To Reduce Diabetes Risk, Choose Blueberries or Apples Over Juice

GENEVA (Bloomberg News) -

If you want to reduce your chances of becoming a diabetic, you’re better off munching apples or blueberries instead of sipping fruit juice, researchers found.

Eating more blueberries, apples and grapes was shown to lower the risk of developing Type 2 diabetes, while increased consumption of fruit juice was linked to a higher risk, according to a study published in The BMJ.

People should “replace fruit juice with solid fruits, maintaining the same energy level” while substituting a less healthy option with a healthier one, Qi Sun, the senior author of the study, said in a telephone interview. He’s an assistant professor of medicine at Brigham and Women’s Hospital in Boston and Harvard Medical School.

This adds to a growing body of evidence that eating fruit is beneficial for health, and is the strongest confirmation to date that it can also lower Type 2 diabetes risk.

Previous studies showed links between increased fruit consumption and a lower risk of cardiovascular disease, metabolic syndrome and hypertension. According to one published last year in the Annals of Neurology, berries are good for the brain and can help fend off the mental decline of aging.

For the study published Friday, researchers from Britain, the U.S. and Singapore set out to examine the relations between consumption of different kinds of fruits and diabetes, analyzing data from three groups of U.S. nurses and health workers who were surveyed about their eating habits and physical activity over the course of about two decades. The participants included 151,209 women and 36,173 men.

The results are convincing as they are consistent among the three groups, said Sun, also an assistant professor in the Department of Nutrition at the Harvard School of Public Health.

Among study participants who had three servings a week of blueberries, grapes, raisins, apples and pears rather than juice, the risk of diabetes was reduced by 7 percent, the study showed.

The study is part of a body of evidence showing benefits from fruit.
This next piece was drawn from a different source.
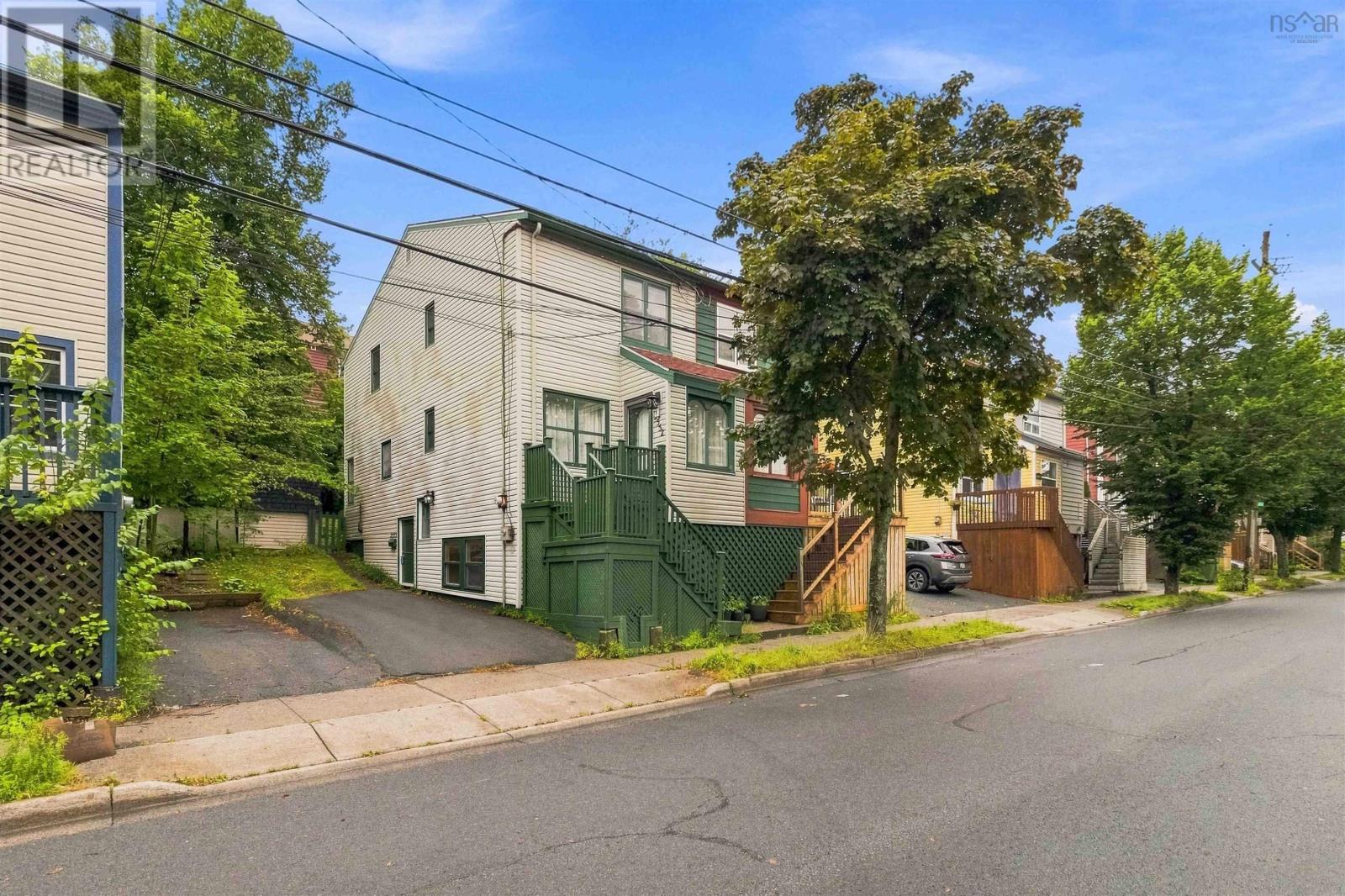 Property photo of 2552 Brunswick Street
Eating at least 2½ cups of vegetables and fruits a day is associated with lower risk of cardiovascular disease, according to U.S. government dietary guidelines, which encourage the increased consumption of fruit. Most Americans don’t eat enough fruit, according to the guidelines, which were last updated in 2010.

Fruit juices are probably less healthy for a number of reasons, Sun said. In the juicing processes, some beneficial nutrients, for example flavonoids and dietary fibers, are lost, he said. Juices also pass through the gastrointestinal tract more quickly, leading to more rapid and more dramatic changes in blood sugar and insulin levels after eating.

Researchers asked about consumption of grapes or raisins, peaches, plums or apricots, prunes, bananas, cantaloupe, apples or pears, oranges, grapefruit, strawberries and blueberries. The juices used included orange, apple and grapefruit. Participants submitted a questionnaire every four years to assess their eating habits, and were asked how often they consumed each food in a standard portion size.

Greater consumption of fruit juice was associated with an increased risk of Type 2 diabetes, the most common form of the disease, the study showed. Substitution of juices with fruits was linked with a lower risk, with the exception of strawberries and cantaloupe, the researchers said.

“Some fruits are more beneficial than others, in terms of diabetes prevention,” Sun said. “Based on our data, blueberries, apples, grapes and raisins are preferred.”

Such results will have to be corroborated in future studies, he added.

Diabetes is caused by a lack of insulin the body needs to convert blood sugar into energy. Lifestyle changes around the globe have kindled a surge in cases. The number of sufferers worldwide will reach an estimated 552 million by 2030, according to the International Diabetes Federation.

Some diabetics, suffering from Type 1 diabetes, have a lifelong inability to produce insulin. The Type 2 variant tends to strike later in life, brought on by obesity and sedentary lifestyles, as people become resistant to the insulin their own body produces.

The study was funded by research grants from the National Institutes of Health. Professor Sun also was supported by a career development award from the National Heart, Lung, and Blood Institute.